- _REQUIRED ACTION_
From the entries below, return exactly the lines beginning at the one that contains "Hotová cestovinová omeleta" and ending at the one that contains "Leinwandbilder Engineer with", both of them included, and only those lines.

____ MATERIAL FOR THE TASK

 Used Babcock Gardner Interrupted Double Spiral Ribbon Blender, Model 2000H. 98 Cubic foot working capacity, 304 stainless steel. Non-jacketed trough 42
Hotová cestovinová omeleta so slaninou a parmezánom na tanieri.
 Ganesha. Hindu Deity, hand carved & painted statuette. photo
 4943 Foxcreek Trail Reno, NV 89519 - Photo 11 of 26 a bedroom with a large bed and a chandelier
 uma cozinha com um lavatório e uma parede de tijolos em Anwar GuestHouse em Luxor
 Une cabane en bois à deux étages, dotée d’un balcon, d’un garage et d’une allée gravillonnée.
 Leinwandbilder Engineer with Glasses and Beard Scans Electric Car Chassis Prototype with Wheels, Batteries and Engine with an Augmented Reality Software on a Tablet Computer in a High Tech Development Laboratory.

________
____ MATERIAL FOR THE TASK

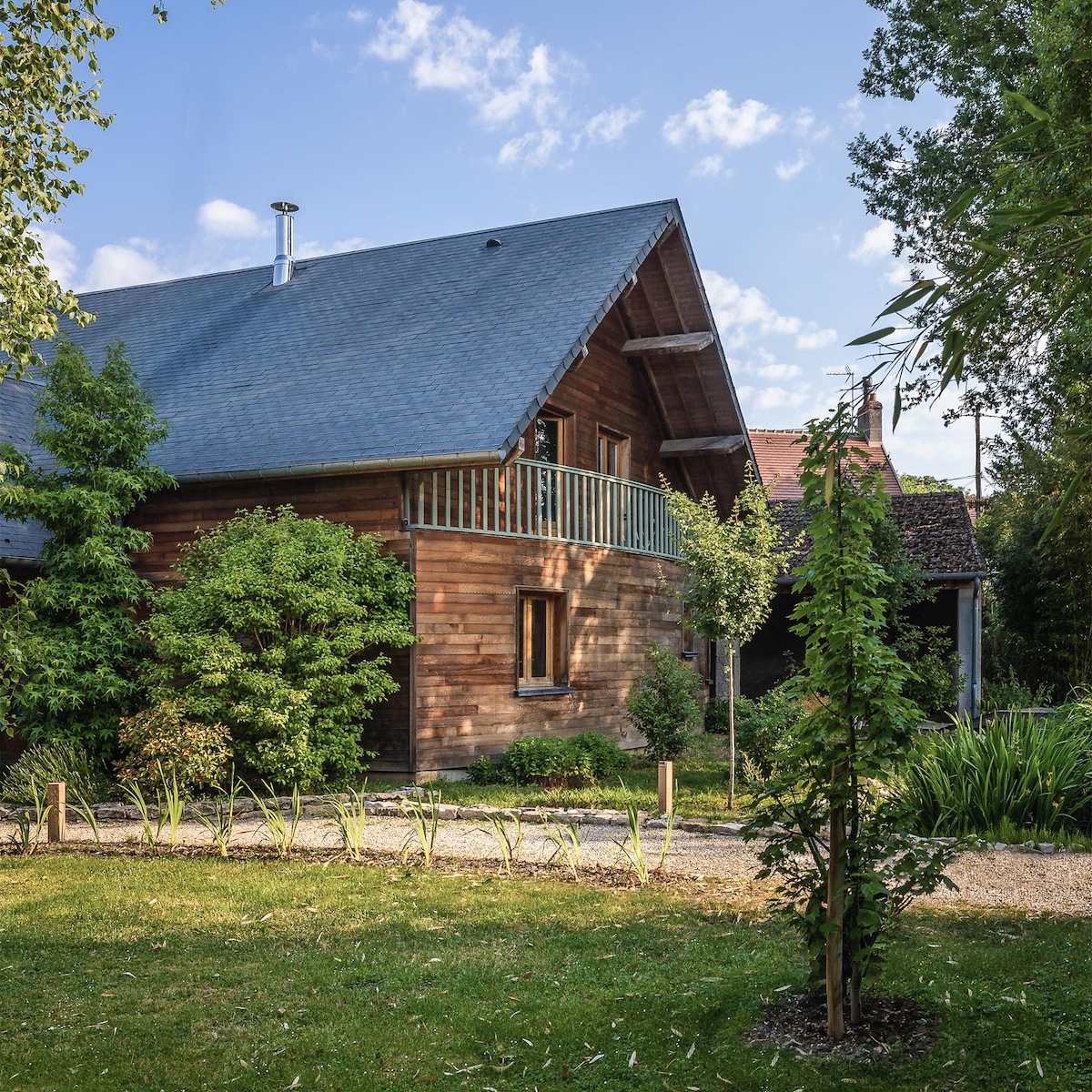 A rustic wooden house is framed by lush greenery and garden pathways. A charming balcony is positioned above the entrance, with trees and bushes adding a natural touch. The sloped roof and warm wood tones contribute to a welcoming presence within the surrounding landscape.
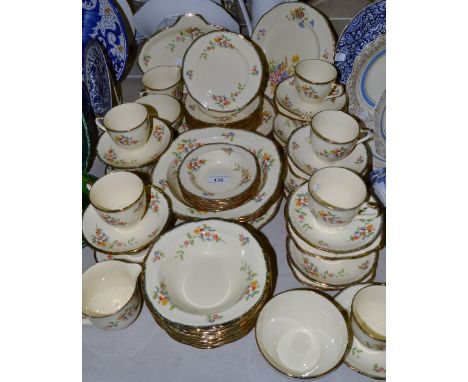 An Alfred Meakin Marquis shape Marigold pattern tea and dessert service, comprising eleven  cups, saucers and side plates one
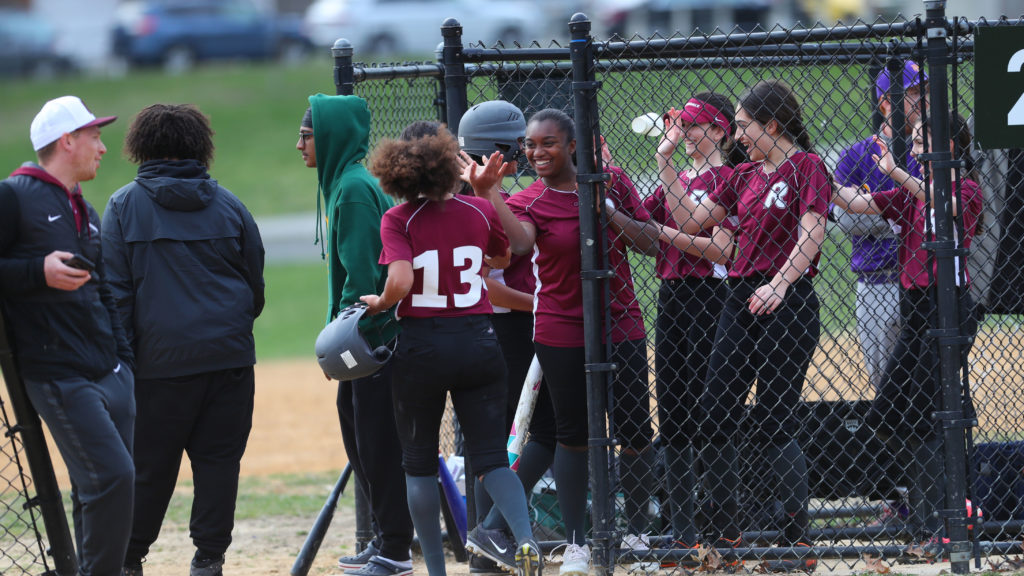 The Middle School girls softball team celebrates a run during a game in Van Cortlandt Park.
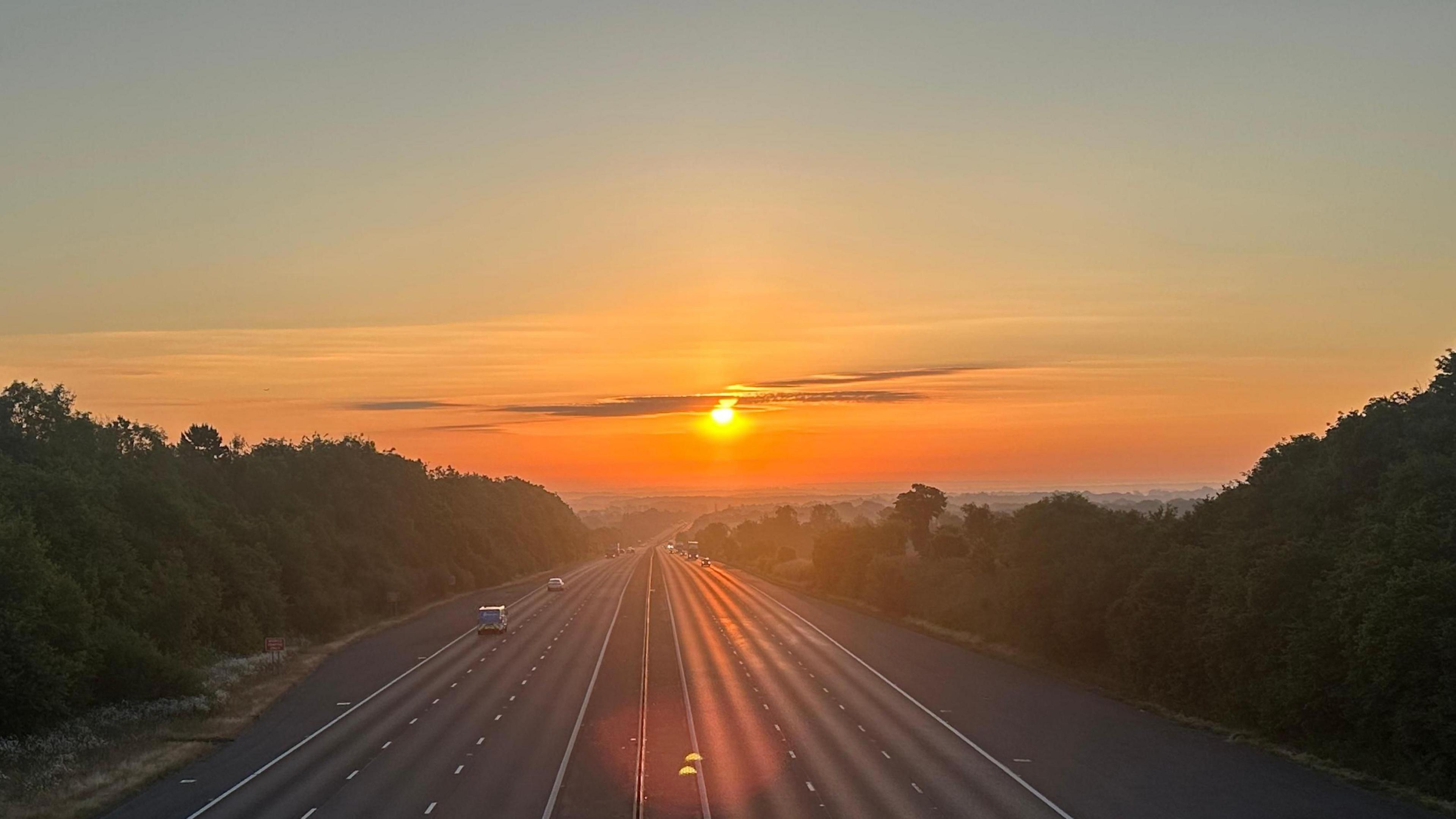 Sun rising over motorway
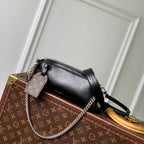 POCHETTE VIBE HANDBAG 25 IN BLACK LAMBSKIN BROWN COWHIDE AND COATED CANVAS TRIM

________

- _RESULT_
Hotová cestovinová omeleta so slaninou a parmezánom na tanieri.
 Ganesha. Hindu Deity, hand carved & painted statuette. photo
 4943 Foxcreek Trail Reno, NV 89519 - Photo 11 of 26 a bedroom with a large bed and a chandelier
 uma cozinha com um lavatório e uma parede de tijolos em Anwar GuestHouse em Luxor
 Une cabane en bois à deux étages, dotée d’un balcon, d’un garage et d’une allée gravillonnée.
 Leinwandbilder Engineer with Glasses and Beard Scans Electric Car Chassis Prototype with Wheels, Batteries and Engine with an Augmented Reality Software on a Tablet Computer in a High Tech Development Laboratory.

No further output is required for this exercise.